Although a sentencing
court's remarks may be interpreted in different ways, we must presume the trial
court acted reasonably. State v.
Wickstrom, 118 Wis.2d 339, 356, 348 N.W.2d 183, 192 (Ct. App.
1984). The trial court has broad
discretion in determining the length of sentence within the permissible range
set by statute. Ocanas v. State,
70 Wis.2d 179, 185, 233 N.W.2d 457, 461 (1975). We will affirm the trial court's exercise of discretion as long
as it has a reasonable basis and was made in accordance with accepted legal
standards and the facts of record. State
v. Jenkins, 168 Wis.2d 175, 186, 483 N.W.2d 262, 265 (Ct. App.

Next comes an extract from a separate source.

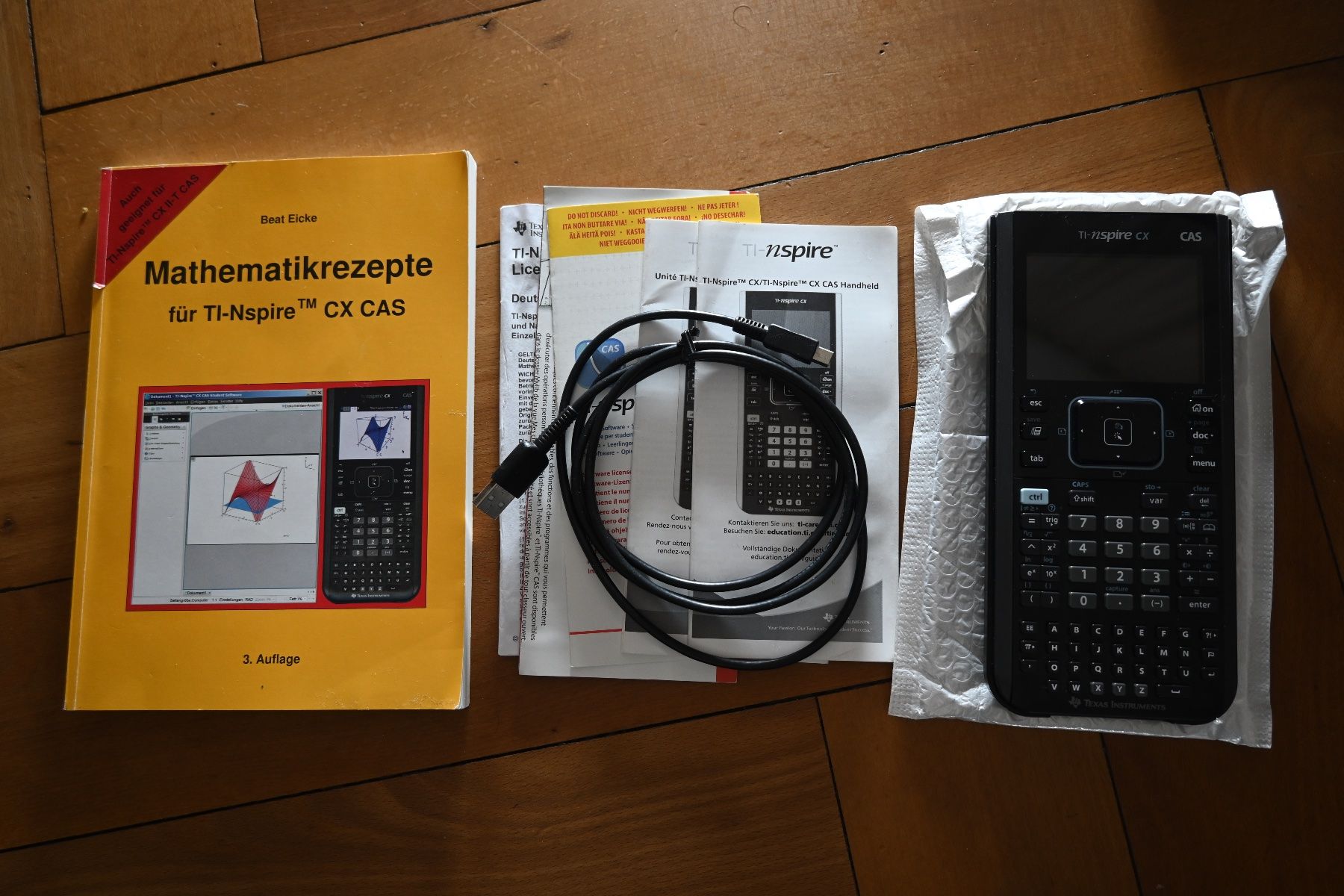 Texas Instruments Calcolatrici tascabili: Texas Instruments TI-Nspire CX CAS inkl. Buch – Usato da Bern venduto da minddiving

1992). Our review is thus conducted in
light of a strong public policy against interference with the trial court's
sentencing decision. State v.
J.E.B, 161 Wis.2d 655, 661, 469 N.W.2d 192, 195 (Ct. App. 1991).
The primary factors the
court considers when imposing sentence are the gravity of the offense, the
character and rehabilitative needs of the offender, and the public's need for
protection. State v. Echols,
175 Wis.2d 653, 682, 499 N.W.2d 631, 640 (1993). Sentencing courts are obligated
to consider factors such as the defendant's demeanor and need for
rehabilitation; a defendant's attitude toward the crime may well be relevant in
considering these things. State
v. Fuerst, 181 Wis.2d 903, 916, 512 N.W.2d 243, 247 (Ct. App. 1994). A defendant's remorse, repentance and
cooperativeness are proper considerations.
J.E.B, 161 Wis.2d at 662, 469 N.W.2d at 195.
If the sentence is
premised on incorrect information, unwarranted assumptions or improper factors,
an erroneous exercise of discretion results.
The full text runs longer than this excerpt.